Are Natural Gas Prices Going to Go Below $2?

From The Washington Post:
Bank of America Corp. says the selloff isn’t over and is telling clients to brace for the possibility of sub-$2 prices for the first time in three years. Gas output will climb to an all-time high of 78.39 billion cubic feet a day this year, an increase of 50 percent over 2005, led by shale reservoirs in Pennsylvania, Louisiana and Texas, government data show. 
The number of gas rigs has tumbled to the lowest level since 1993, yet supply has risen steadily because of improved techniques for extracting the fuel. Natural gas for April delivery settled at $2.92 per million British thermal units at Wednesday on the New York Mercantile Exchange, down from $4.456 a year ago. Futures were last below $2 in April 2012 and haven’t traded there for more than a handful of days since 1999. 

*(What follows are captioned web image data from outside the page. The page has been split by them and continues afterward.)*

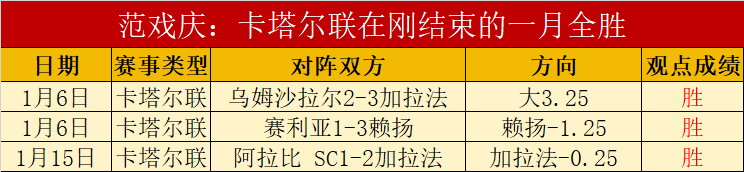 苏翊鸣北京,站目标,确保米兰冬,开宝体育官方,开宝体育在线官网,开宝体育线上,开宝体育APP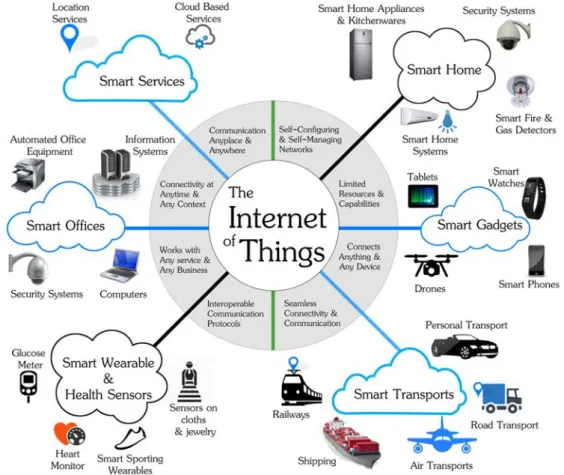 Figure 1.1 - The Internet of Things Paradigm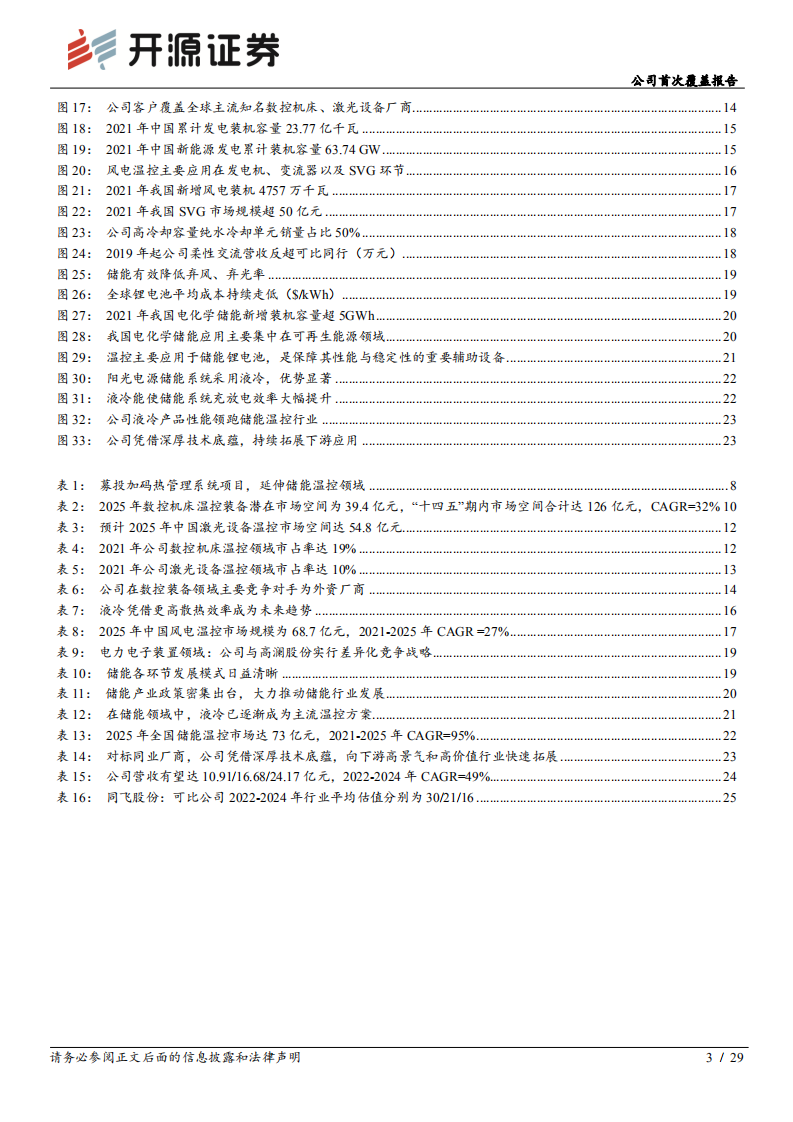 同飞股份-公司首次覆盖报告：工业温控行业龙头，乘储能温控之风而起-220629.pdf 第3页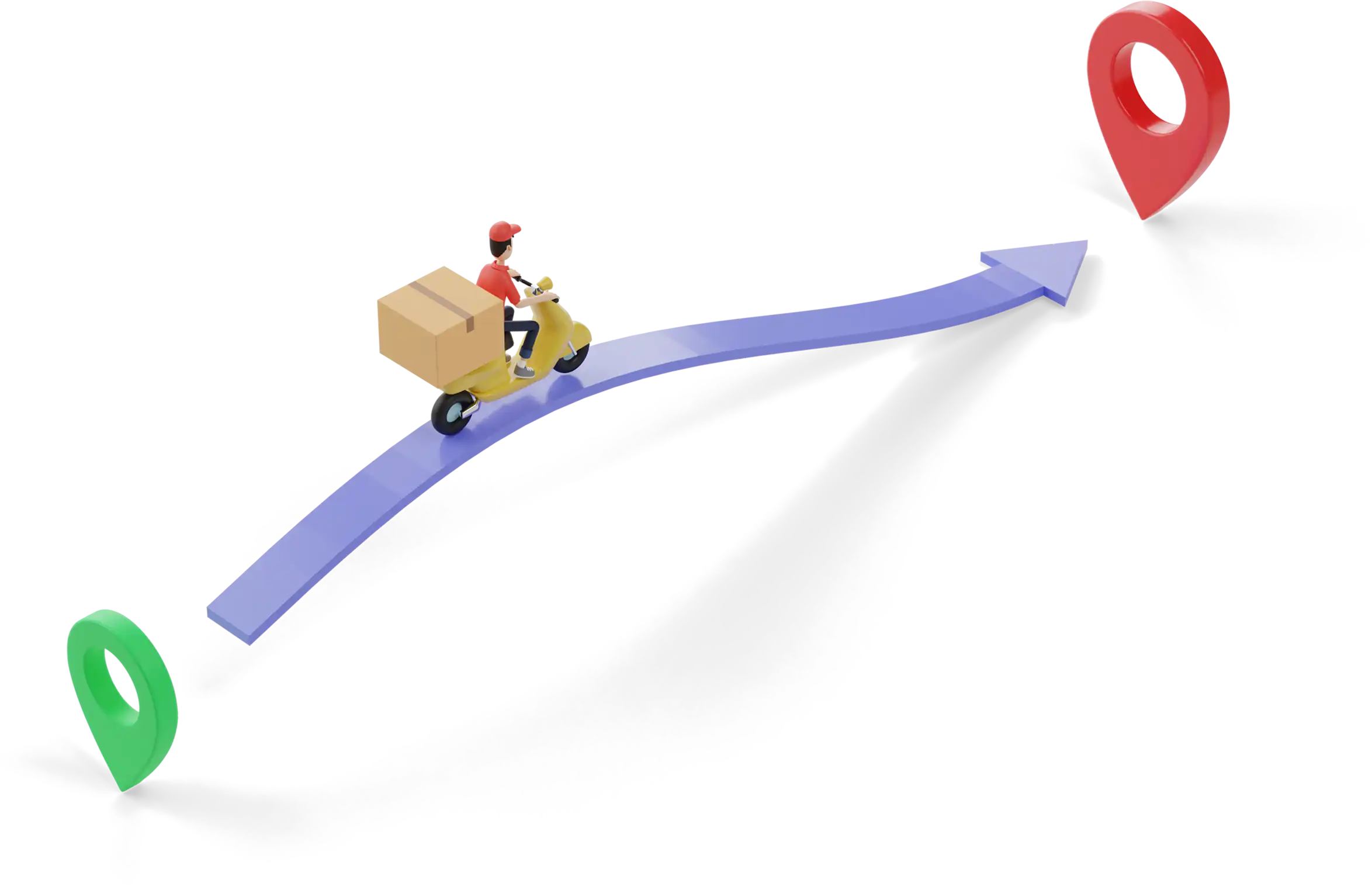 What EasyBizTrack Enables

“Production has definitely surprised,” Francisco Blanch, head of global commodity research at Bank of America in New York, said in a March 10 phone interview. “We have $2.25 as our target for a normal summer, but we could see much lower prices with cool weather” that reduces utilities’ demand for natural gas. 
Break Even 
In part of the Marcellus reservoir in Pennsylvania, the nation’s most productive gas basin, the break-even price is 38 cents. Some producers in the nearby Utica shale can make money by selling gas at a loss because of profits earned from gas liquids that flow from the same wells, data compiled by Bloomberg New Energy Finance show. 
U.S. gas output has climbed to a record every year since 2011, driven by gains at shale formations from the Marcellus and Utica to Haynesville in Louisiana, and Eagle Ford and Permian in Texas. Operators in those basins have used techniques such as drilling multiple wells from the same pad to cut costs and boost production. The Energy Information Administration has raised its estimate for 2015 gas production 7.8 percent from a year ago, according to the monthly Short-Term Energy Outlook. 
Supply from the Marcellus may climb to 16.79 billion cubic feet a day in April, up 21 percent from a year earlier, the EIA, the Energy Department’s statistical arm, said March 9 in its monthly Drilling Productivity Report. Utica output may rise to 1.97 billion a day, more than doubling from April 2014.